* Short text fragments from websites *
════

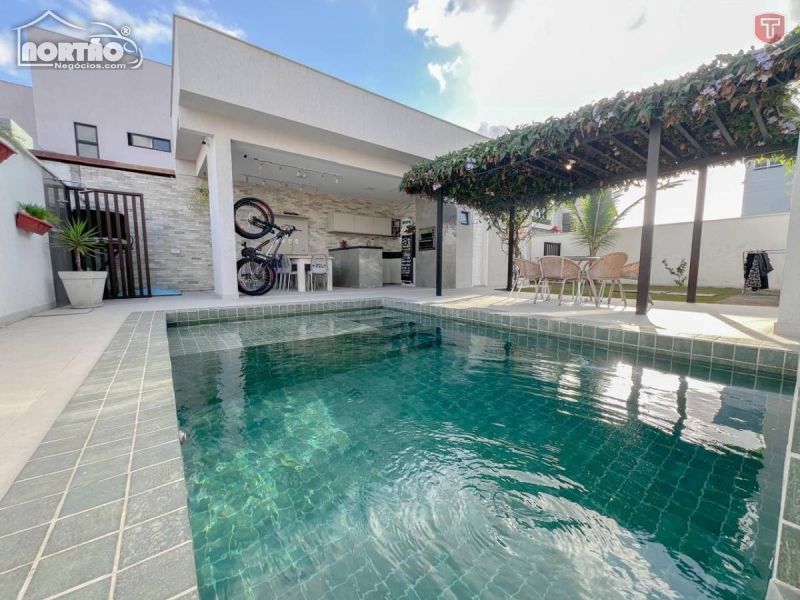 Casa à venda com 6 quartos, 432m² - Foto 4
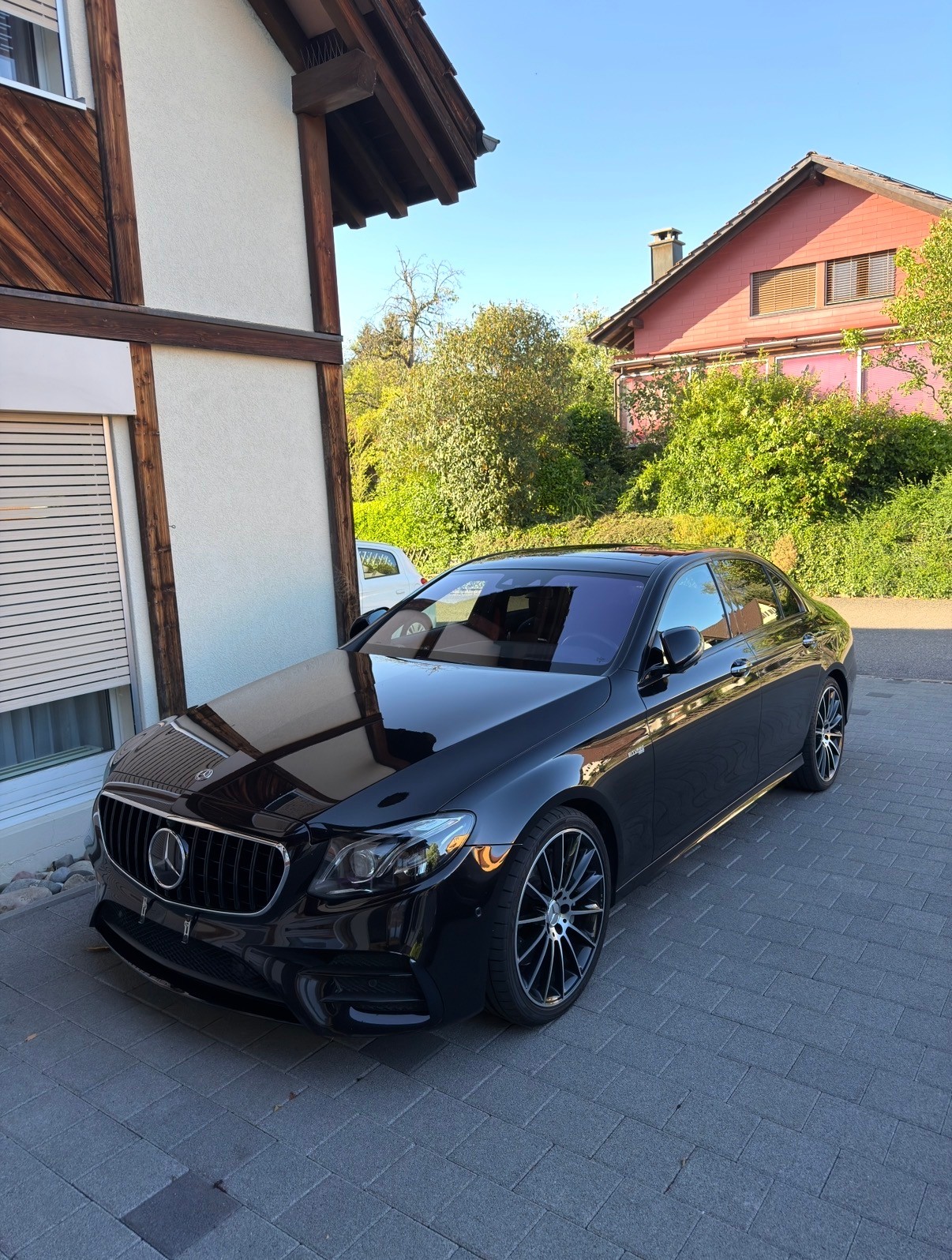 MERCEDES-BENZ E 43 AMG 4matic-image-0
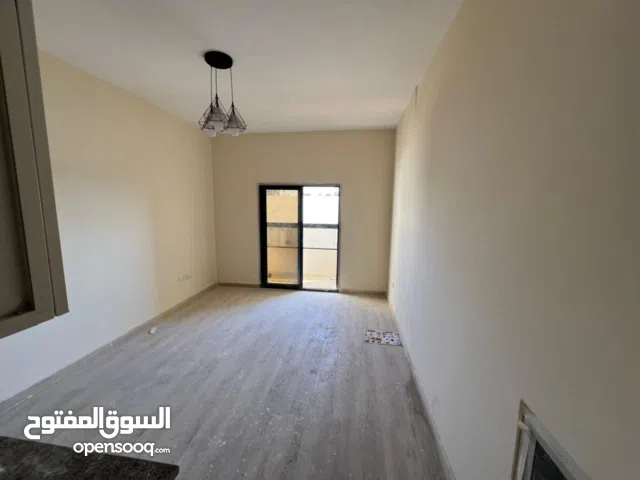 استديو اول ساكن في الجرف 3 عجمان مع بلكونه First occupied studio apartment in Al Jurf 3,with balco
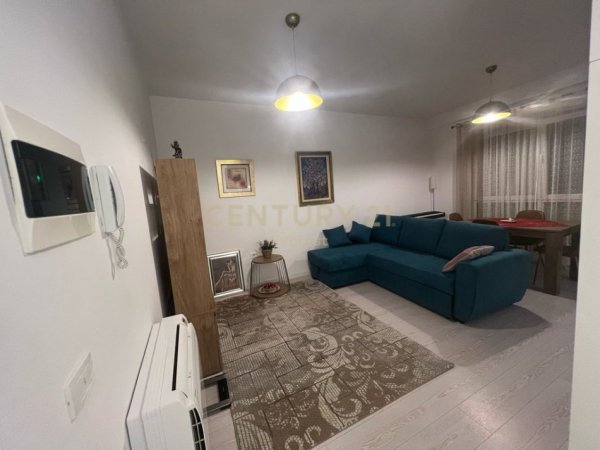 Tirane, jepet me qera apartament 1+1 Kati 3, 71 m² 450 € (Rruga Hasan Vogli everest111309)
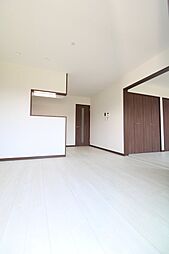 グランオペラ 105 1階2LDKのリビング/ダイニング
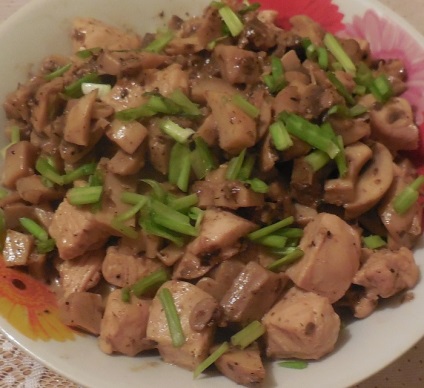 Csirke párolt gombával, vagy hogyan kell főzni csirke pörkölt - lépésről lépésre recept fotók (szakács) Csirke párolt gombával, vagy hogyan kell főzni csirke pörkölt - lépésről lépésre recept fotók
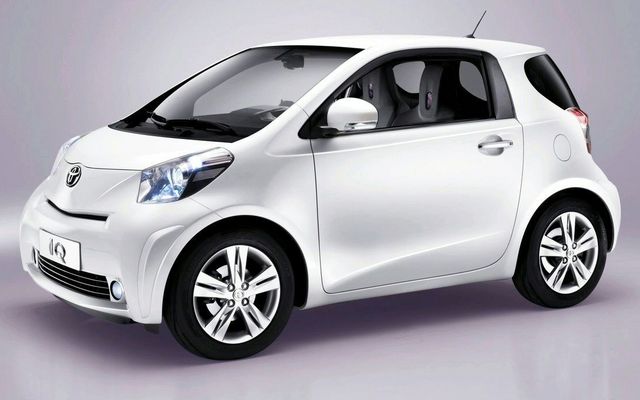 Toyota iQ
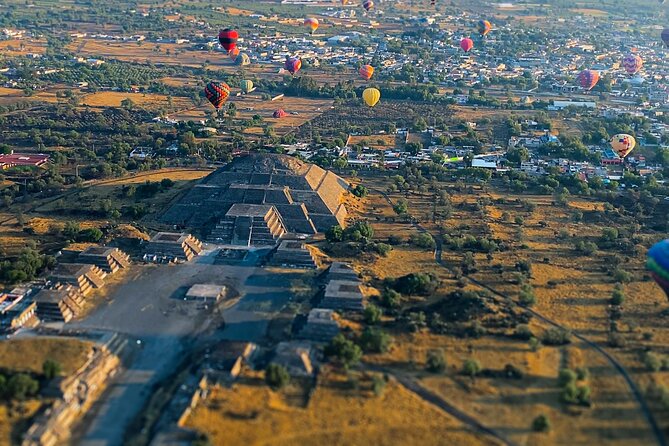 Hot Air Balloon Rides in Teotihuacan with Breakfast - Is $483.61 per person good value?
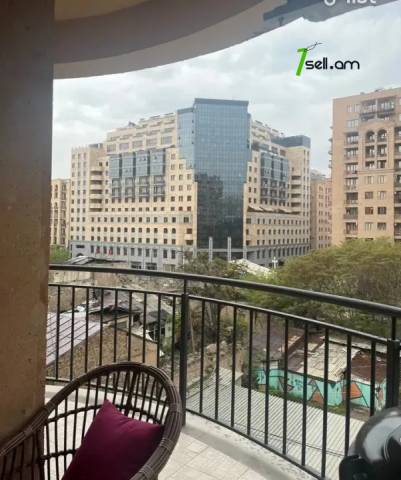 3 սենյականոց բնակարան նորակառույց շենքում Արամի փողոցում, 143 քմ, 4/13 հարկ, 2 սանհանգույց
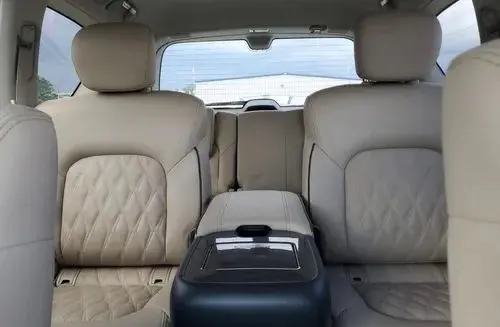 NISSAN Armada 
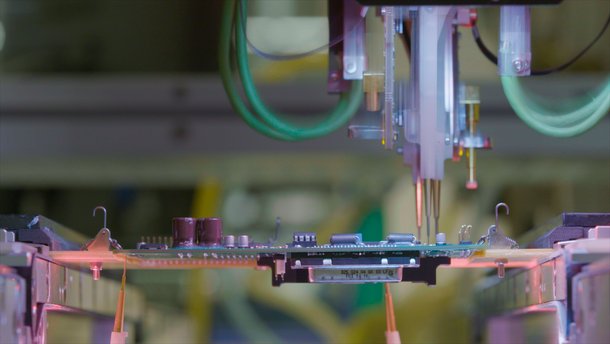 Baugruppenproduktion Bild Bestückung vom Cover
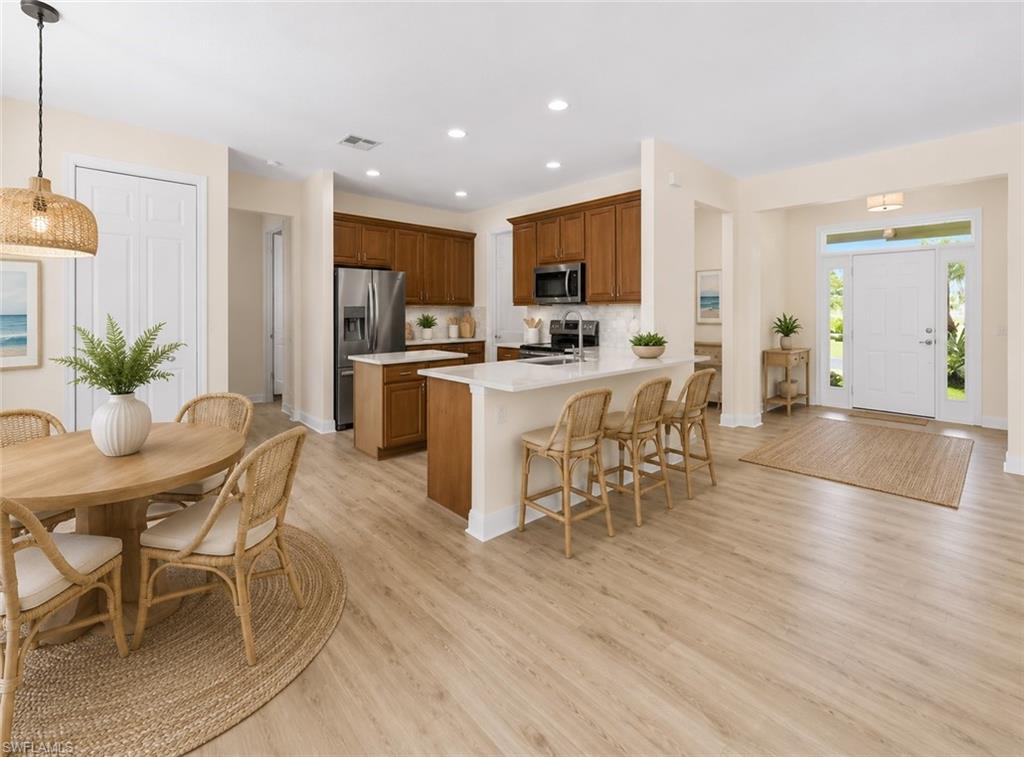 15555 Caloosa Creek Cir Property Photo 8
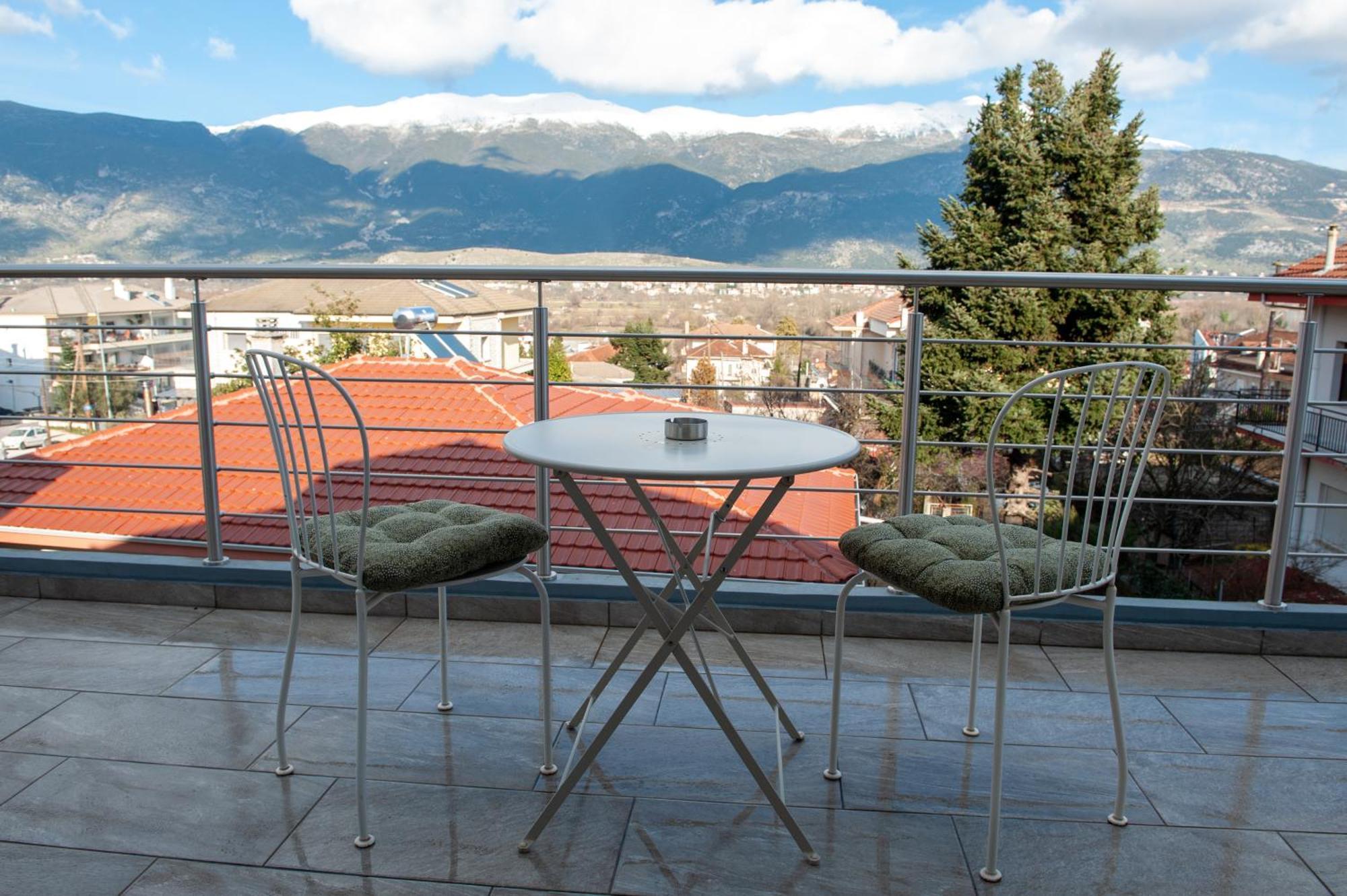 Lovely Guesthouse - 58M2 Mountain View Янина Екстериор снимка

════

* Your objective *
From the line with "Baugruppenproduktion Bild Bestückung" down to the final line of the entries above, repeat each line exactly; omit the pictures.

* Written reply *
 Baugruppenproduktion Bild Bestückung vom Cover
 15555 Caloosa Creek Cir Property Photo 8
 Lovely Guesthouse - 58M2 Mountain View Янина Екстериор снимка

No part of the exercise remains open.